Querying the Index with Q&A
qapipeline.New(openai.NewChat().WithVerbose(true)).
WithIndex(redisIndex).
Query(context.Background(), "What is the NATO purpose?", option.WithTopK(1))
The final part of the code demonstrates how to use a Q&A pipeline to query the index. We create a Q&A pipeline using OpenAI LLM, and with the help of the WithInde
method, we associate it with our Redis index. We then ask a question, “What is the NATO purpose?,” and specify that we want the top 1 answer (WithTopK(1)
).
The AI-Powered Search Engine in Action
So, what does this code snippet achieve? It creates an AI-powered search engine capable of answering questions based on the content of PDF documents. When you pose a question, the search engine scans the indexed documents, computes vector-based similarity, and returns the most relevant answer. This approach is highly versatile and can be used in various real-world scenarios, such as:
Document Search: Build a document search engine that helps users find specific information within a large repository of documents.

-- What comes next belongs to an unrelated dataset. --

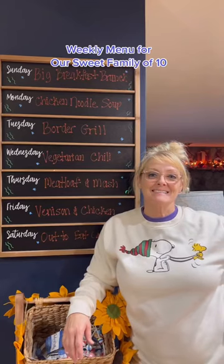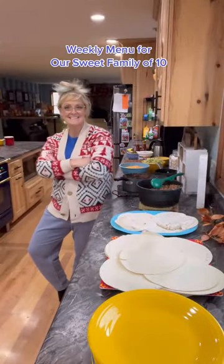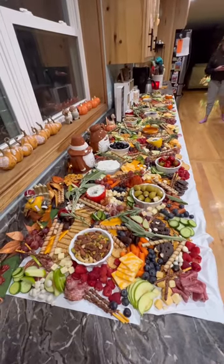Here's our weekly menu for our sweet family of 10. Last week we had a big beef burrito bar, Mississippi pot roast, and a beautiful charcuterie bar.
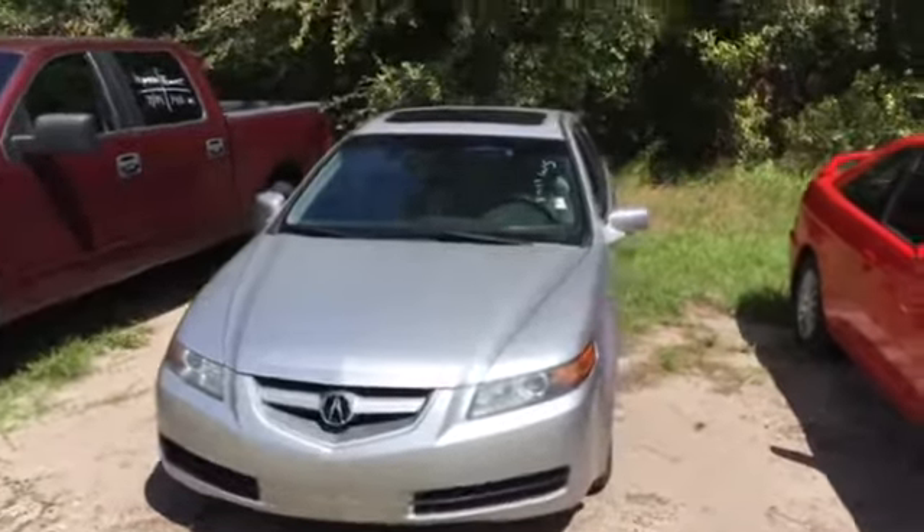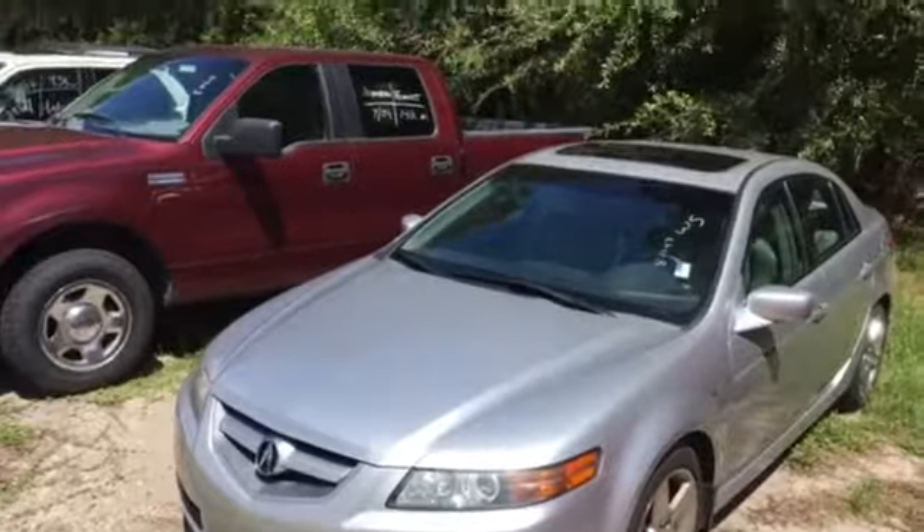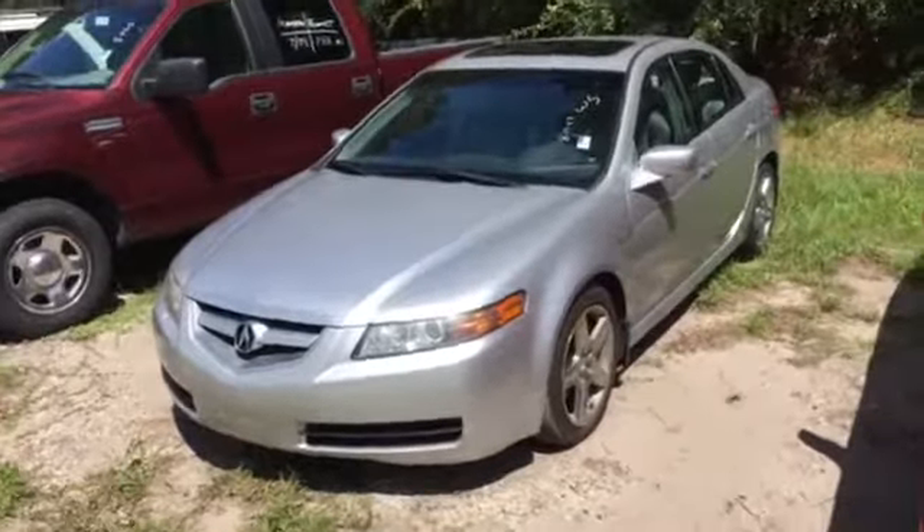Hello, this is Jake here at Arlington Toyota. I just want to take the time to make this short video for you. This is the 2006 Acura TL that you've seen online. As you can see, it's still here and available.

Chatbots and Virtual Assistants: Enhance chatbots and virtual assistants by enabling them to answer user questions with accuracy, drawing information from knowledge bases.
E-Learning Platforms: Create intelligent e-learning platforms that can provide instant answers to students’ queries from course materials.
Customer Support: Improve customer support systems by automating responses to common questions, providing faster and more accurate support.
Conclusion
In this blog post, we’ve explored a Go code that demonstrates the power of combining AI, Redis, and OpenAI to create an intelligent search engine. By embedding document content into vectors and using AI models for querying, you can build a versatile and accurate search engine for a wide range of applications. We used the Lingoose Go framework that I personally developed to provide a simple and efficient way to integrate AI into your Go projects. Experiment with the code and adapt it to your specific needs to unlock the full potential of AI-powered search. AI is constantly evolving, and its applications are limitless, making it an exciting field for tech-savvy Go programmers. Happy coding!